== The records ==
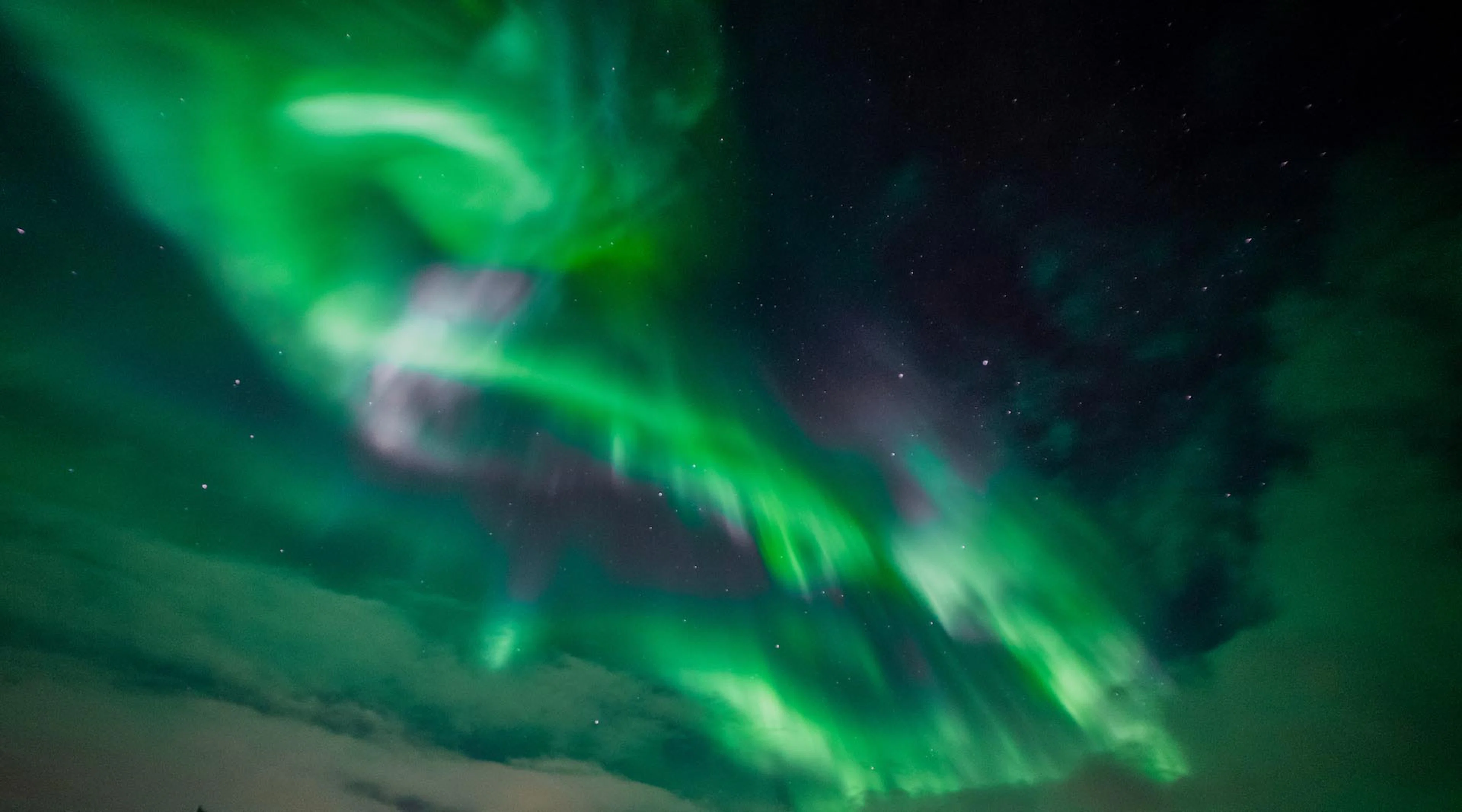 Polarlichtjagd im Kleinbus in Tromsø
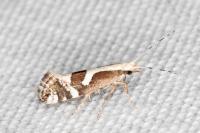 Eidophasia syenitella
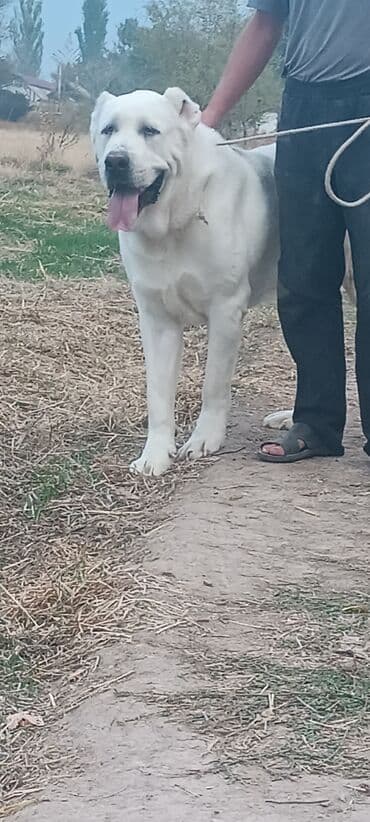 Ит кууту: Алабай, 1 айлык, Эркек — 4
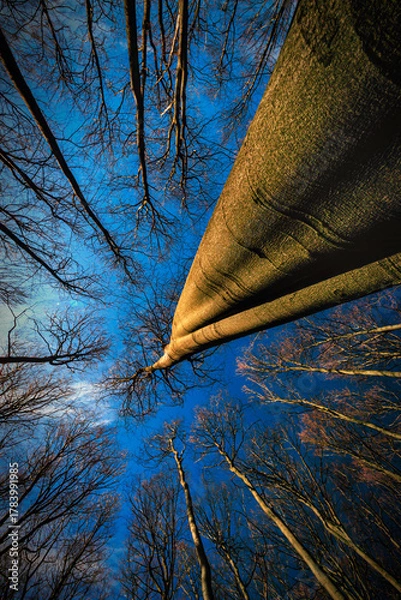 Obraz Into the Infinity of the Forest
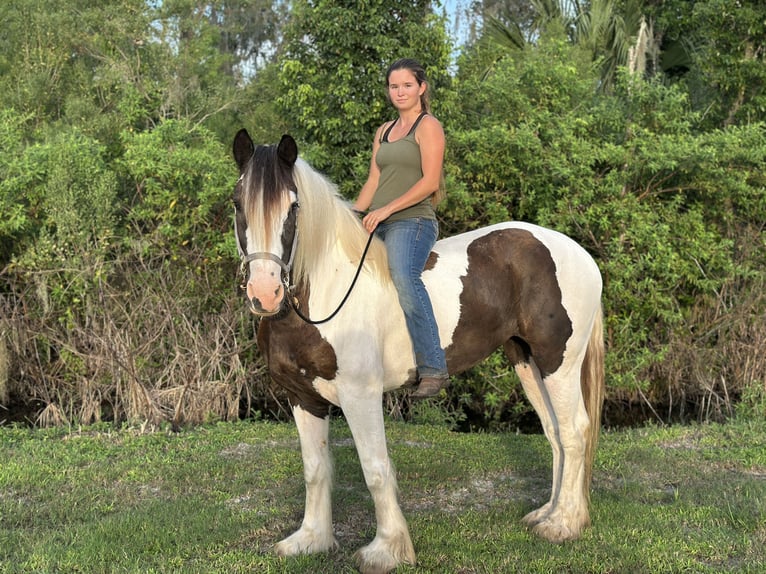 Tinker Mix Merrie 8 Jaar 163 cm Gevlekt-paard in Bunnell Florida
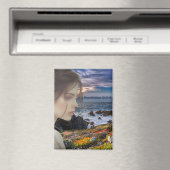 磁石 (インサイチュ (食洗機))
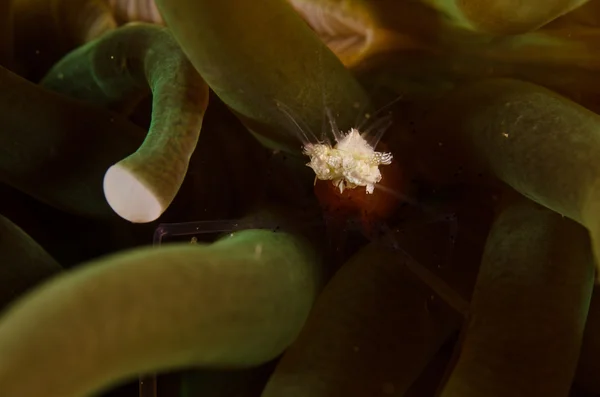 Scuba diving lembeh indonesia colorful shrimp — Stock Photo, Image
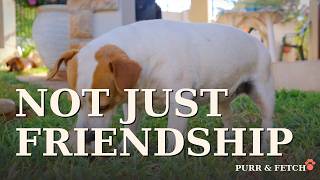 The Fox That Rewrote Itself | Dogs Understand You Better Than Chimps Do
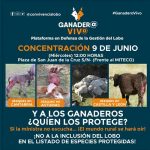 CARTEL-MANIFESTACIÓN-9-junio-MITECO-PLATAFORMA-LOBO-800x500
===
• Exercise details
All of the material must be repeated exactly in the answer, apart from the pictures.

• Answer space
 Polarlichtjagd im Kleinbus in Tromsø
 Eidophasia syenitella
 Ит кууту: Алабай, 1 айлык, Эркек — 4
 Obraz Into the Infinity of the Forest
 Tinker Mix Merrie 8 Jaar 163 cm Gevlekt-paard in Bunnell Florida
 磁石 (インサイチュ (食洗機))
 Scuba diving lembeh indonesia colorful shrimp — Stock Photo, Image
 The Fox That Rewrote Itself | Dogs Understand You Better Than Chimps Do
 CARTEL-MANIFESTACIÓN-9-junio-MITECO-PLATAFORMA-LOBO-800x500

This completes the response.